I’ve been going through a pretty bad time over the past few weeks (I suffer from both GAD and OCD, and the two combined have been sending me a little doolally of late), and when that’s the case, a film like 21 Jump Street is really a godsend.  It’s not a masterpiece, of course, but what it is, is a polished, clever, and seriously funny movie.  I was amazed by how much I enjoyed Channing Tatum’s performance, especially (HE CAN ACT!), but the whole film was really just a treat.  The best piece of switch-off-your-brain entertainment I’ve encountered in a long time.



We Need to Talk About Kevin:


…And now for something completely different.  We Need to Talk About Kevin, especially for someone like me with a young child, is a disturbing and impressive account of a tragic mother/son relationship, which, while a bit heavy-handed on the symbolism, is very intelligently done.  Tilda Swinton is reliably brilliant in the lead role, and as long as you can cope with a few sleepless nights afterwards while you overanalyse your own relationships, it’s a memorable and intriguing watch.

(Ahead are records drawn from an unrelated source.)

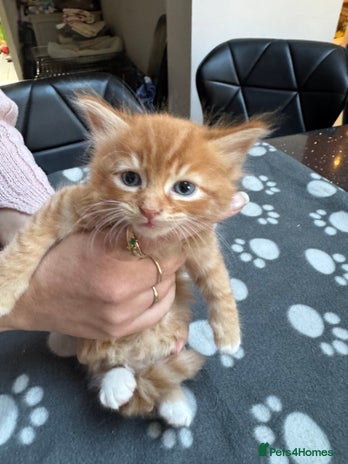 Mixed Breed cats - Advert 5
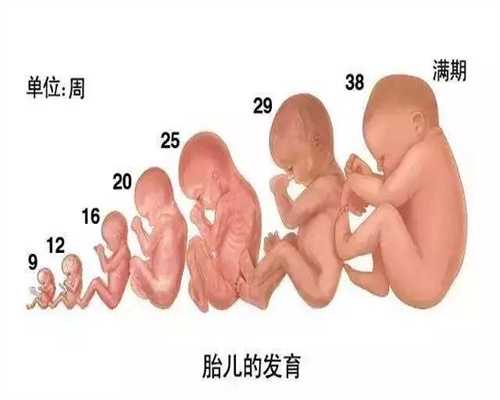 上海代孕合法化的国家_孕妇吃多宝鱼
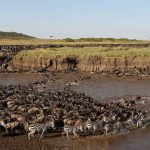 8-Day Ultimate Mara River Crossing Safari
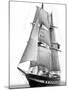 Sail Training Ship Royalist, March 1976-null-Mounted Photographic Print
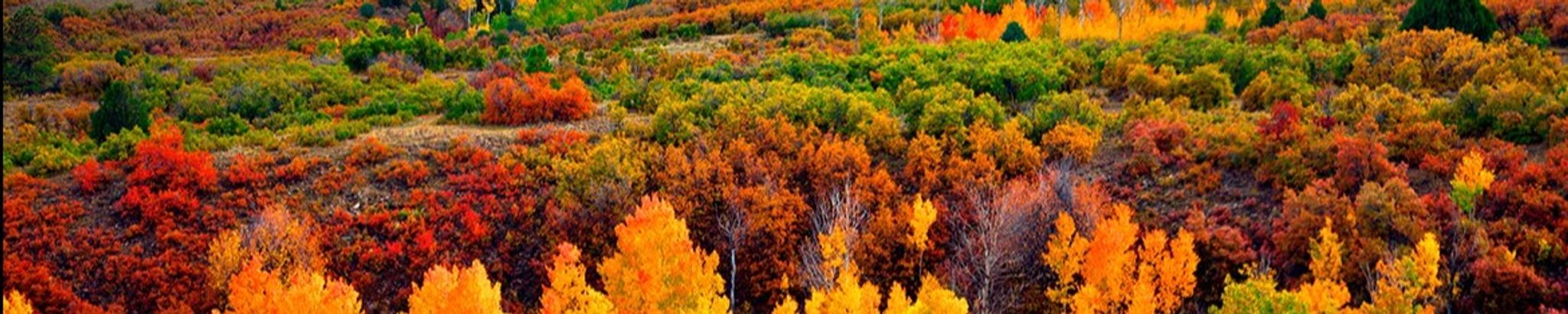 Cover photo for Doris Elizabeth Cupp's Obituary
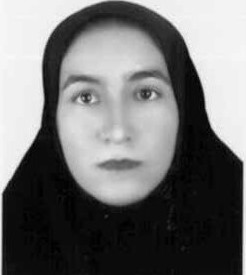 راضیه پور امیری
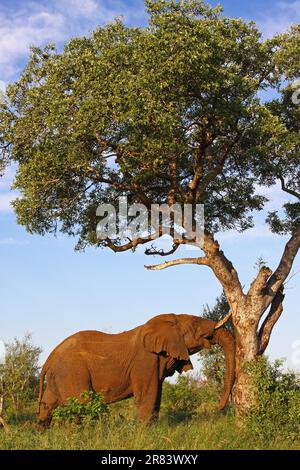 Eingeschlammter Elefant kratzt sich am Baum, S. Stockfoto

Oh, I wanted to love Somewhere.  I did.  I love Elle Fanning, and I always have such high hopes for Stephen Dorff…and to be fair, they were both great.  The film as a whole, though, was just not as important as it wanted to be.  Like Sofia Coppola’s biggest (and best) film to date, Lost In Translation, it’s a story about a boring actor leading an unfulfilling life, but without Scarlett Johansson, or the city of Tokyo, to spice things up.  I’m tempted to hope that Coppola made ‘Somewhere’ boring on purpose, to really drive the message home to the viewer-but then I realise that would be pretentious beyond belief, and would probably make me dislike the whole thing even more.  Oh, and also? Chris Pontius (of Jackass fame) is a dreadful actor, and I do not care how realistic a hanger-on he may be: I do not want the bloke stinking up my film time.  Disappointing.



The Adventures of TinTin: The Secret of the Unicorn


Being a Spielberg dork of the highest order, I was very excited to finally see this (the combination of Christmas and motherhood making it impossible for me to catch it at the cinema on release), and thankfully, it didn’t disappoint.  Is it full-on, vintage Spielberg?  No, of course not…but it’s an exciting, fun, action-packed, humourous film, and most enjoyably, it actually makes a strong case for the benefits of full motion-capture (something which Robert Zemeckis completely failed to do in his efforts).  Simply, as with just about everything Spielberg puts his hands to, it reeks of effortless quality.